**Assignment:**
Please make an exact copy of the lines from the one holding "P2 Pro Player" through the end of the data, both ends included, with no pictures.

Top of Data to process

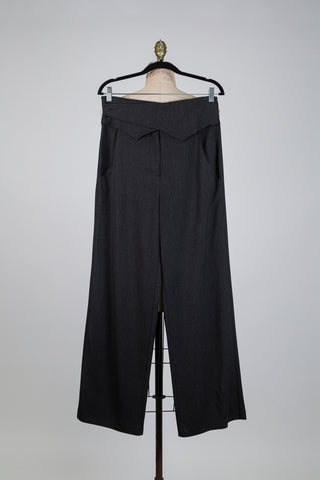 Anthracite grey trousers with cross belt (S+M)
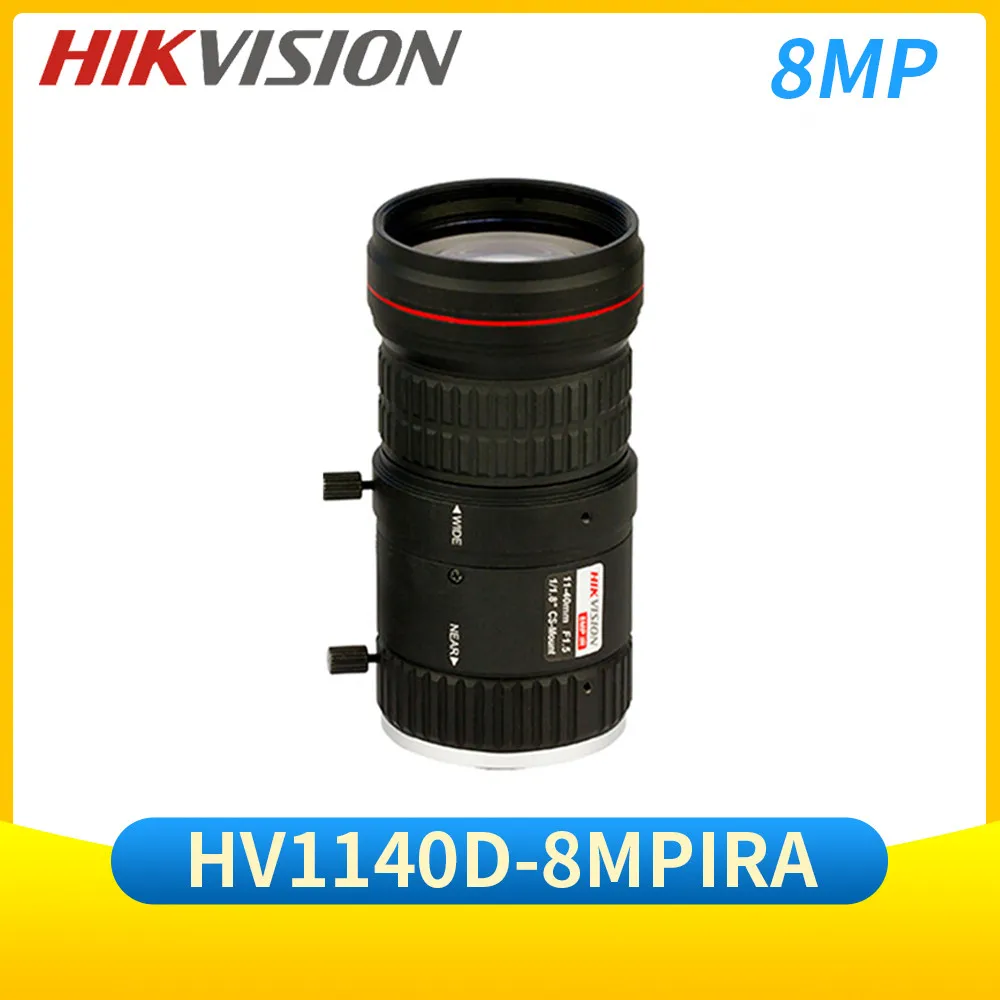 HV1140D-8MPIRA Hikvision Camera Lens 11-40mm Vari-focal DC Auto Iris Constant Aperture 8MP IR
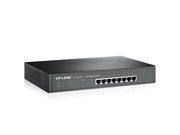 TP-Link TL-SG1008 Ohanterad Gigabit Ethernet (10/100/1000) 1U Svart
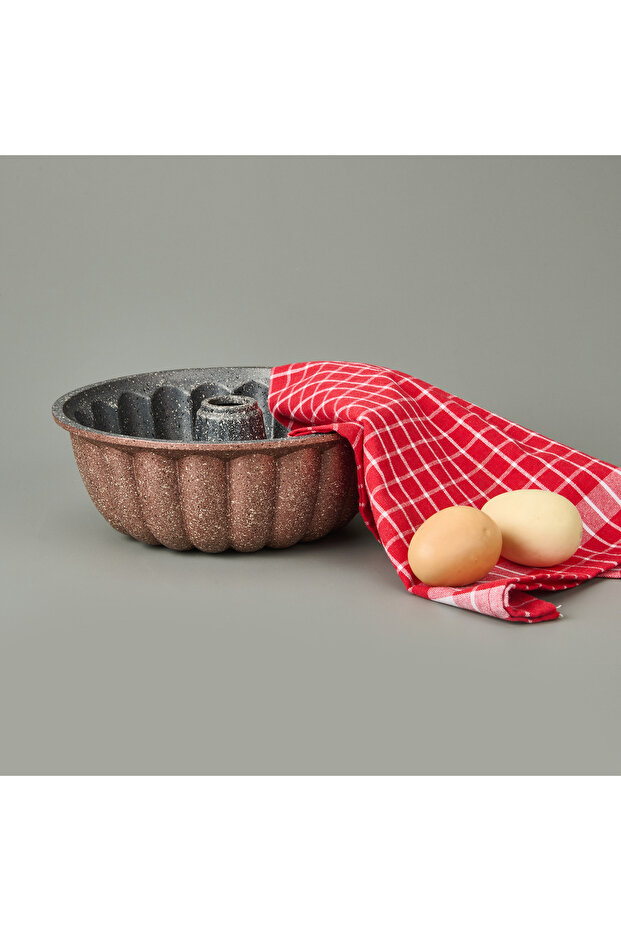 Dilimli Kek Kalıbı - Pembe - 26 cm - 6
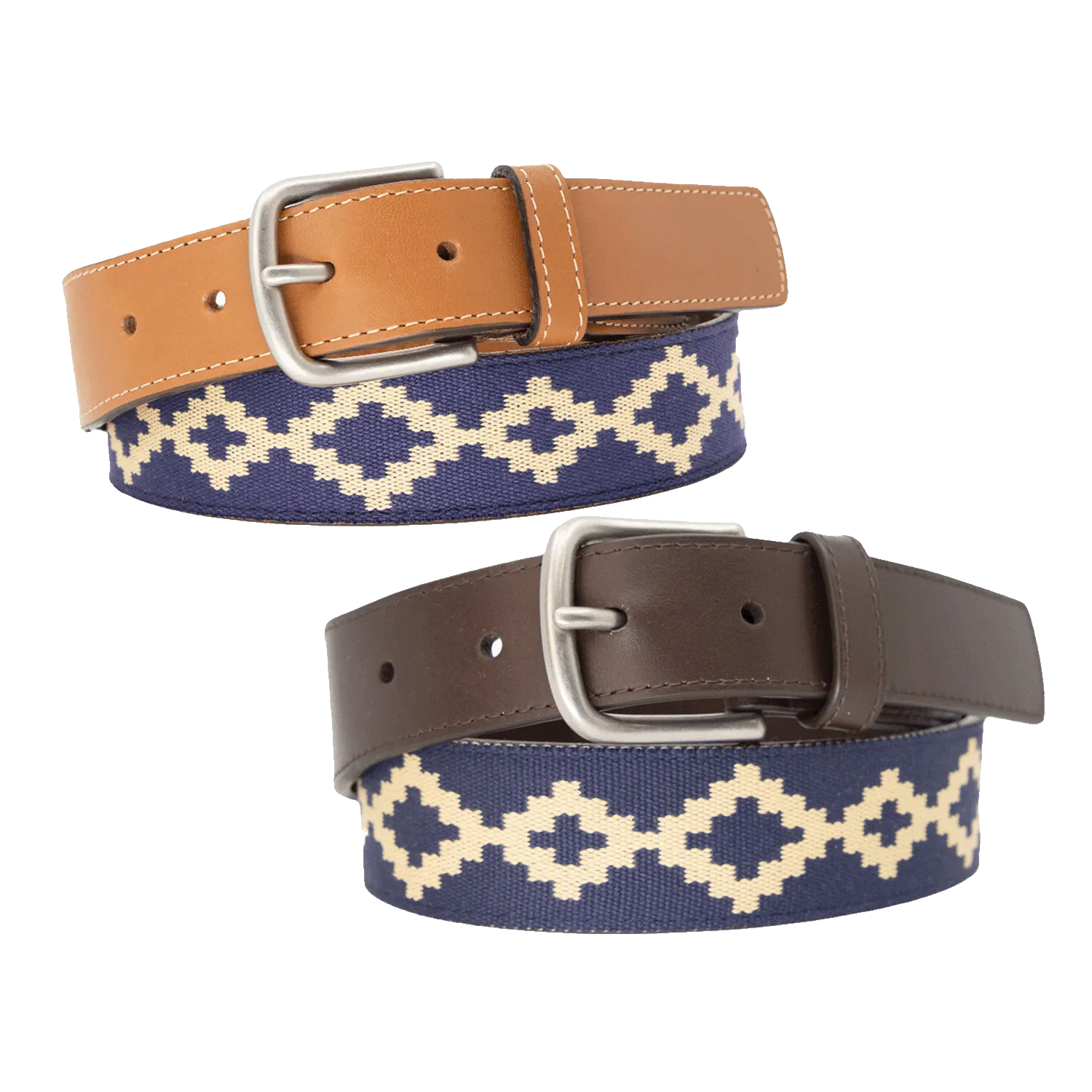 Corbina Cognac & Chocolate Woven Belt Bundle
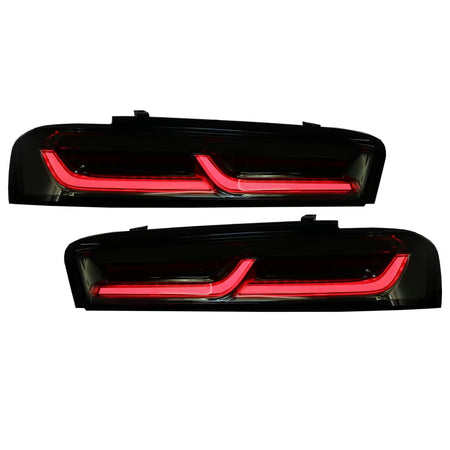 Fanali Posteriori Full LED con Frecce Dinamiche Fumé per Chevrolet Camaro MK6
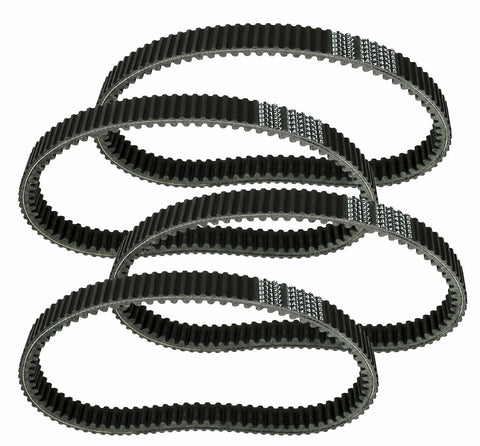 4pcs Drive Belt Fits for 2012-2013 Arctic Cat Wildcat 1000 Black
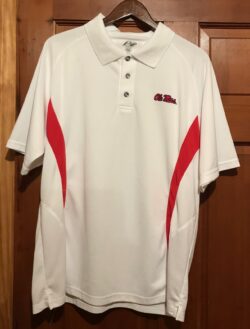 P2 Pro Player Ole Miss Rebels White Polo Shirt Sz Large New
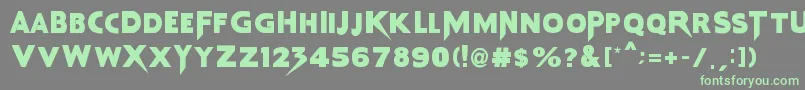 NightmareMaker-Schriftart – Grüne Schriften auf grauem Hintergrund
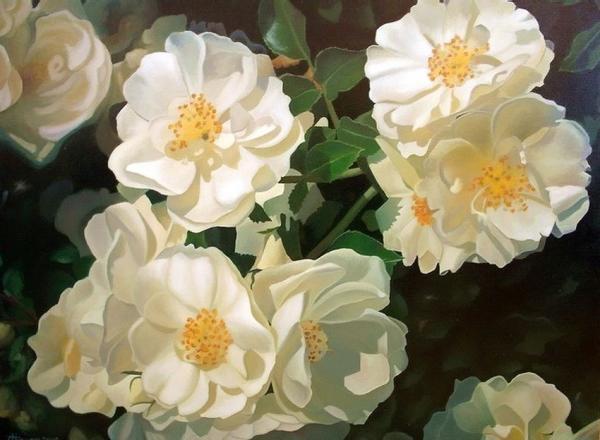 Flower Paintings Andrey Nikulin
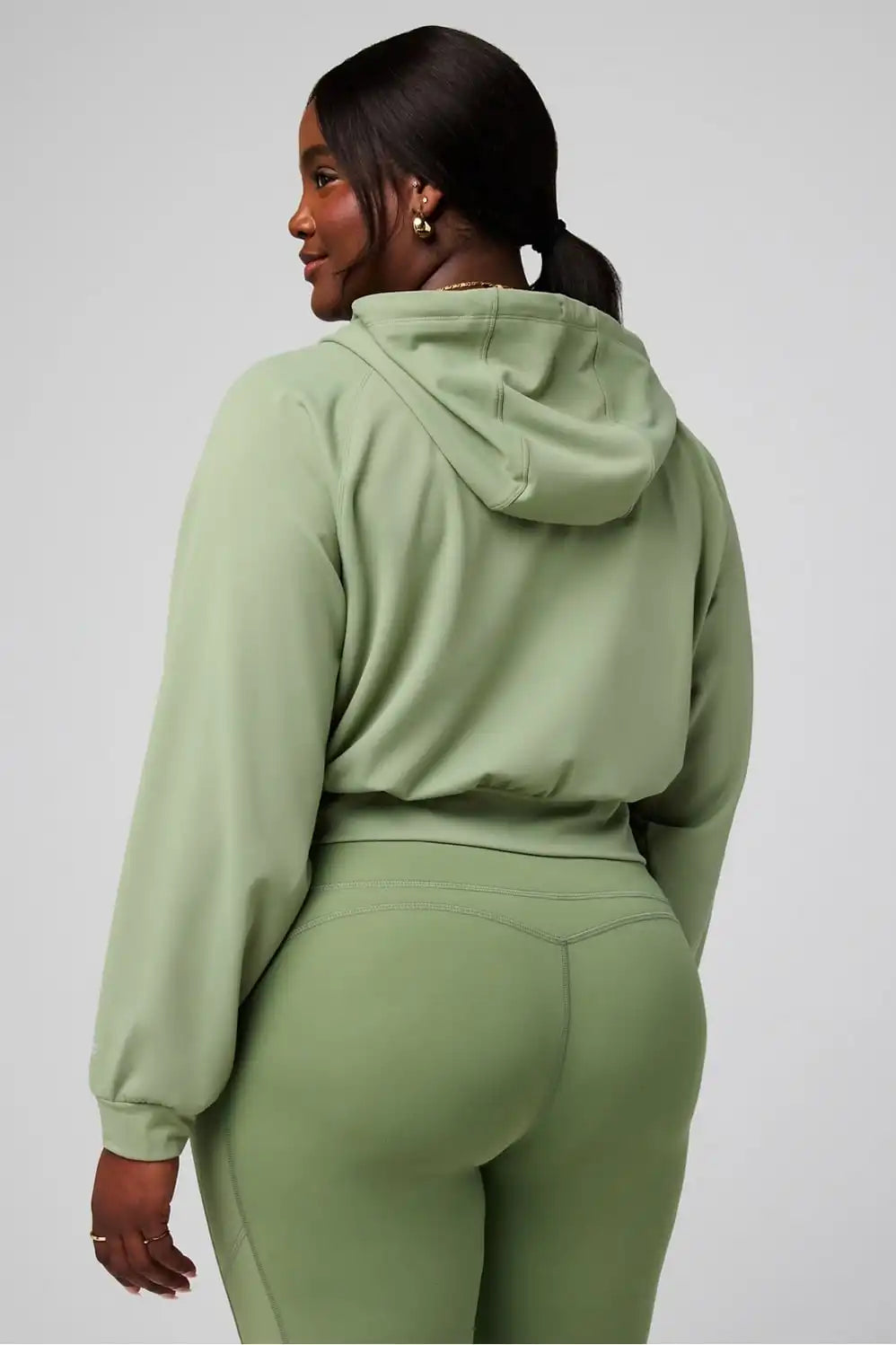 Cold Weather Full-Zip Cropped Hoodie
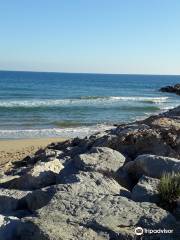 Beach Castelldelfels Barcelona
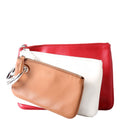 8BS001 Triplette Clutch Leather Multicolor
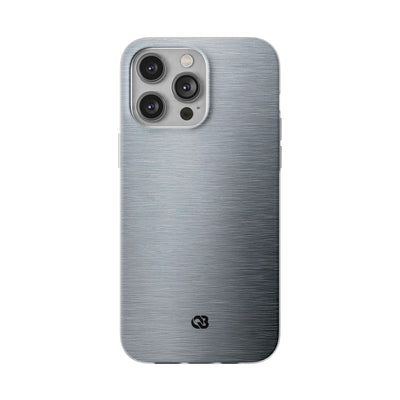 Silver Lite Phone Case for iPhone - Satin Chrome Grain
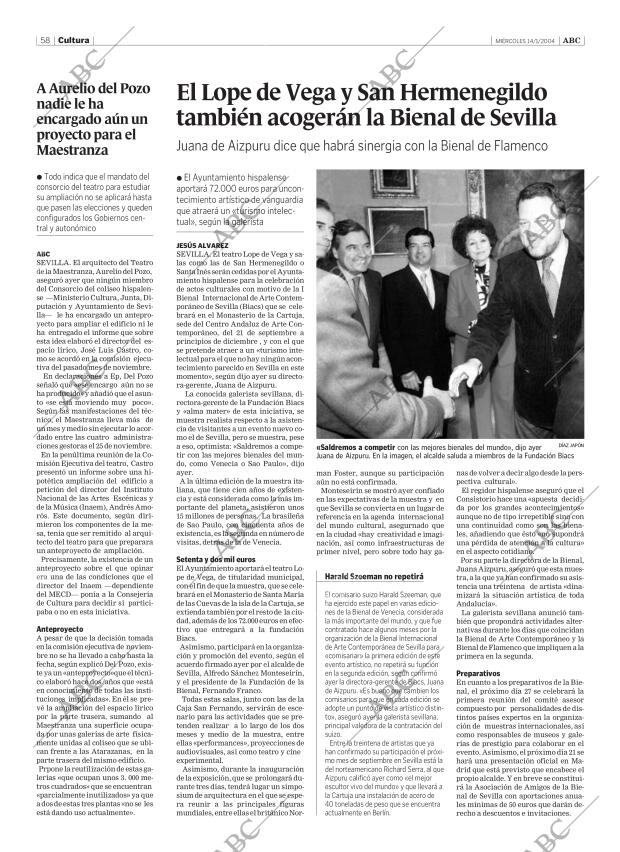 ABC SEVILLA 14-01-2004 página 58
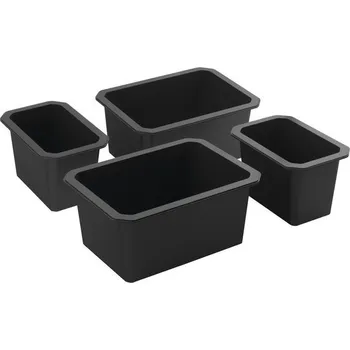 Koupelnový nábytek Sapho Lindo Miska vysoká sada 4 ks, antracit LD004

Bottom of Data to process

**Output of the exercise:**
 P2 Pro Player Ole Miss Rebels White Polo Shirt Sz Large New
 NightmareMaker-Schriftart – Grüne Schriften auf grauem Hintergrund
 Flower Paintings Andrey Nikulin
 Cold Weather Full-Zip Cropped Hoodie
 Beach Castelldelfels Barcelona
 8BS001 Triplette Clutch Leather Multicolor
 Silver Lite Phone Case for iPhone - Satin Chrome Grain
 ABC SEVILLA 14-01-2004 página 58
 Koupelnový nábytek Sapho Lindo Miska vysoká sada 4 ks, antracit LD004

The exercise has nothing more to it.